Era uma vez, o próprio plano COVID de Biden disse abertamente após a onda Omicron que “nosso caminho a seguir depende de manter e aprimorar continuamente as inúmeras ferramentas que agora temos para proteger a nós mesmos e a nossos entes queridos” – não desmontando sistematicamente essas ferramentas assim que um pouco de pressão política tentou acabar com elas.

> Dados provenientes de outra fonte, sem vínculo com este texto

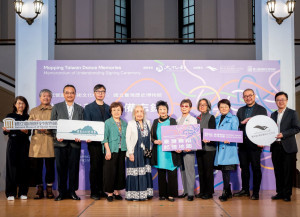 左起:衛武營學推部經理林娟代、臺灣舞蹈記憶地圖顧問貧窮男、臺史博數位創新中心主任楊富欽、文化部藝術發展司副司長黃宏文、前輩舞蹈家許春香、前輩舞蹈家江明珠、前輩舞蹈家簡子愛、前輩舞蹈家姚明麗、臺灣舞蹈記憶地圖顧問陳品秀、臺灣舞蹈記憶地圖顧問陳雅萍、衛武營藝術總監簡文彬以及衛武營營運副總監黃國威。攝影_王弼正，衛武營國家藝術文化中心提供。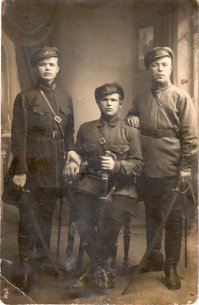 сохранилась фотография прадеда , слева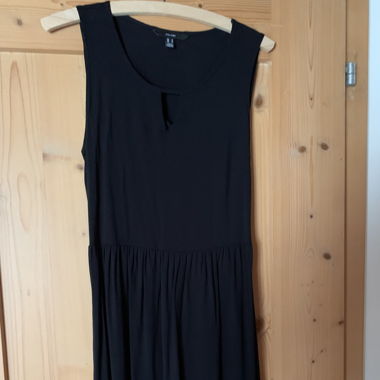 Verkaufe Schwarzes kleid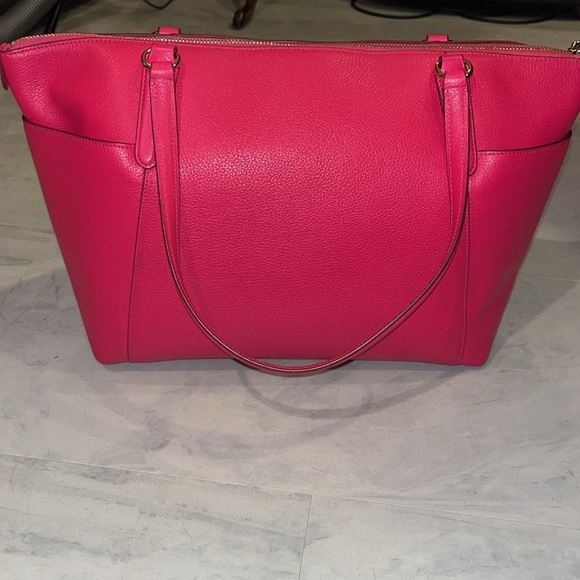 Coach  Shoulder bag  Small Tote satchel    leather   hot pink  Gold tone accents - Picture 7 of 17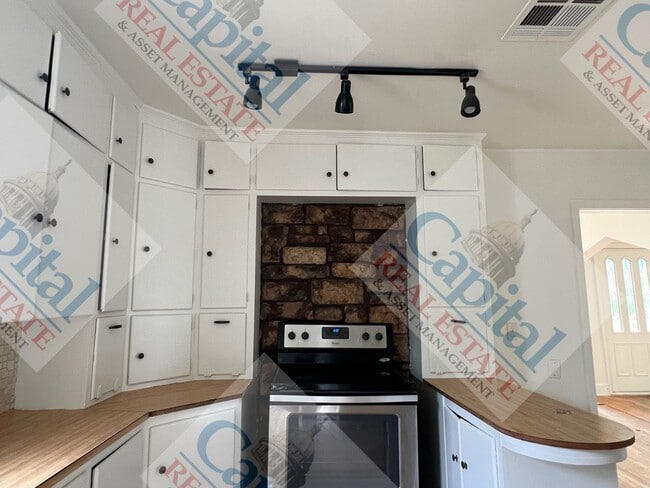Building Photo - Spacious 3 Bedroom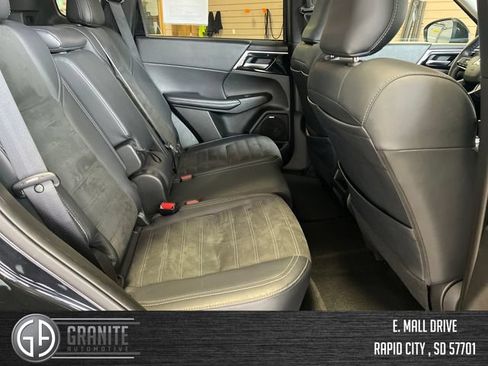 Used 2025 Mitsubishi Outlander SE FWD image 35
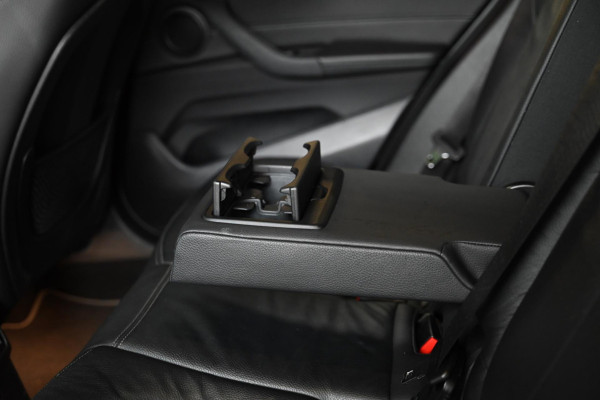 BMW X1 SDrive20i - Adaptive Cruise Control - Panoramadak - HUD - Leren Sportstoelen - Achteruitrijcamera - Afneembare Trekhaak -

Enquanto isso, vale a pena pensar em como o estado de bem-estar social expandido pela pandemia foi eliminado pouco a pouco nos últimos dois anos em comparação, digamos, à resposta dos EUA às três mil pessoas assassinadas em 11 de setembro, vinte e dois anos atrás. Embora seja um crime chocante, a resposta do governo a esse evento único e isolado tem sido jogar continuamente quantias incalculáveis de dinheiro e expandir uma burocracia governamental já invasiva e inchada sem questionar, mesmo que haja poucas evidências de que isso mantenha os americanos mais seguros.
Enquanto isso, mais de duzentas pessoas ainda estão morrendo de COVID todos os dias – ou seja, um 11 de setembro de mortes nos EUA aproximadamente a cada duas semanas – e a classe política dos EUA não pode se incomodar em manter em vigor as políticas para combatê-lo por mais de dois anos.
A contração maciça na rede de segurança social dos EUA que agora estamos testemunhando sob Biden incorpora tudo o que há de errado com a política de Washington, desde a timidez democrata em curso na luta pelas necessidades dos trabalhadores diante dos ataques de direita, até as prioridades equivocadas dos eleitos funcionários. E embora haja uma grande chance de que isso se torne uma responsabilidade política para o presidente, são os mais vulneráveis que sofrem mais com o resultado.